One front is digital animation. Digital animation is becoming increasingly photorealistic, moving beyond sparse use for special effects in the past to animate central characters of "live action" films. This is one area that may cause difficulty in classifying a feature as animated or not. Although most film fans probably think of "Song of the South", "Mary Poppins", and "Who Framed Roger Rabbit?" when they think of mixing animation with live-action, films like "Dragonheart", "Starship Troopers", "The Lost World", and "Star Wars - Episode One: The Phantom Menace" are just as much and even more a mix of animation and live-action.

Of course, as this has happened, it has left a shrinking need for traditional cel-style animated features, which work best with stories that couldn't have been made through live-action. Now, with operations like Industrial Light and Magic and The Secret Lab, a director can simply fill in the locations, sets, props, costumes, special effects, and characters with digitally created or added versions of things and people that weren't practical to put before the camera. There aren't many stories these days that would need to be told through cel animation.

Alas, the second front is that of artistic statements through stylistic animation. We don't care that the chickens in "Chicken Run" don't look like real chickens. If the director wanted that, it could have had them, but the film wouldn't have been as fun to watch. Such animation is freed from the constraints of trying to reproduce reality as we literally see it, and can become much more diverse and imaginative.
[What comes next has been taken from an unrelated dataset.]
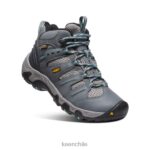 calzado KEEN bota impermeable koven gris acero/wasabi mujer J4XN6597 - Image 3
The Animated Feature Lives
I said at the outset that the animated feature isn't dying - in is morphing. "Morphing" refers to a special effect that was so noticeable when it was first being used and wasn't so commonplace. Morphing involves using digital techniques to make something on the screen change into something else smoothly. One of the earliest uses was in the film "Willow". Making a photorealistic digital image of something opened up the floodgates.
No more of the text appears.